For the fourth consecutive year, the President of Ukraine has been promising to ruthlessly fight corruption with the help of an anti-corruption court. Under pressure of the West, Poroshenko promised to create a long-awaited judicial instance in the shortest possible time, literally before the end of the year.
Attempts to form an anti-corruption body have already been made. But, initially they were going to confine themselves to the creation of anti-corruption chambers in existing courts, but this method did not provide for the independent selection of judges.

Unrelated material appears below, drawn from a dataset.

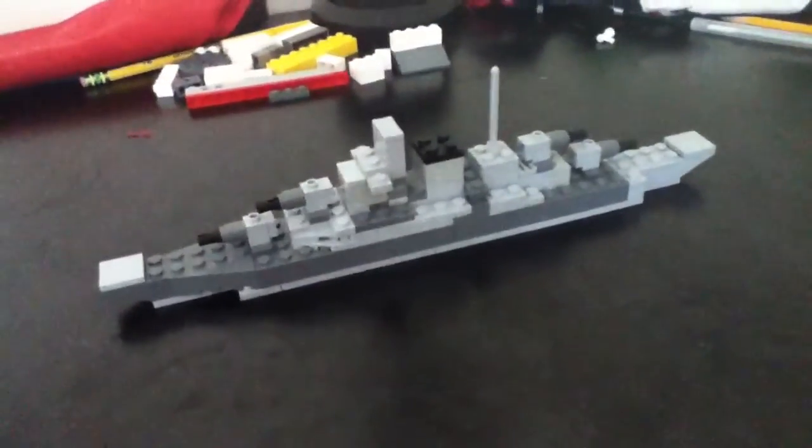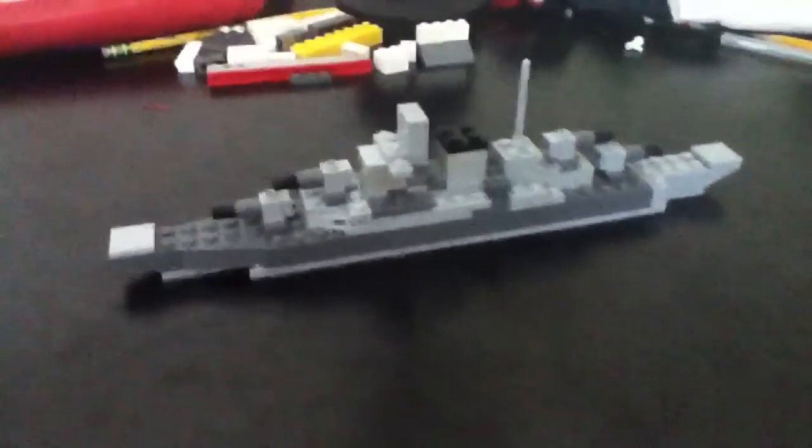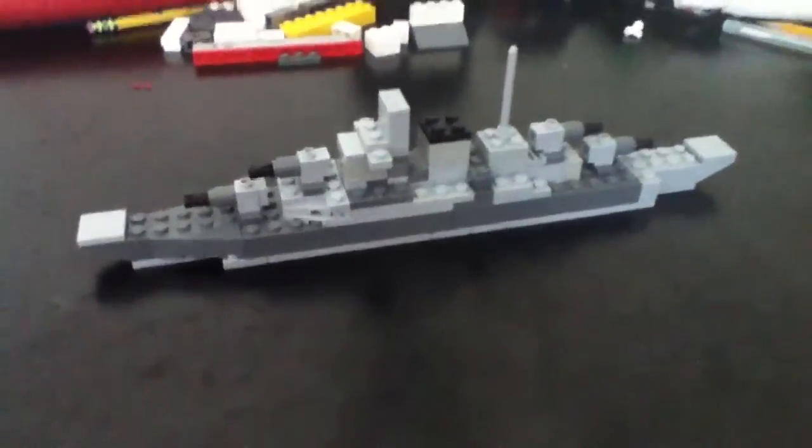This was a mini video of a LEGO Bismarck that I wanted to whip up with you guys, and I will see you later. Subscribe and tell me what I should make next. Alright, bye.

Of course, such chambers would only serve to keep up appearances in the fight against corruption.
Therefore, the EU and IMF pressed their point, hoping that the anti-corruption court could save Ukraine from a shameful phenomenon. The European Union even expressed their willingness to assist the Ukrainian authorities in establishing such a court, including assisting in the process of selecting the judges, if necessary. Poroshenko had to concede.
In early October, the Venice Commission made public an opinion on draft law on the establishment of anti-corruption courts in Ukraine. The experts did not support the introduction of an extensive system of anti-corruption chambers. They also criticized bill No. 6011 “on anti-corruption courts”, which had been recently withdrawn from the Verkhovna Rada. It was stated that the way was being cleared for the Poroshenko’s version of the bill.
The European partners of Ukraine do not take into account that no matter what the anti-corruption authority in that country is, it will not be able to prevent the corrupt process, but it will lead it, as usual.
Therefore, there is no need to worry about the version of the anti-corruption legislation: everything will be as always as long as a corrupt criminal power is at the head of Ukraine. It is strange that Europe has not yet understood this.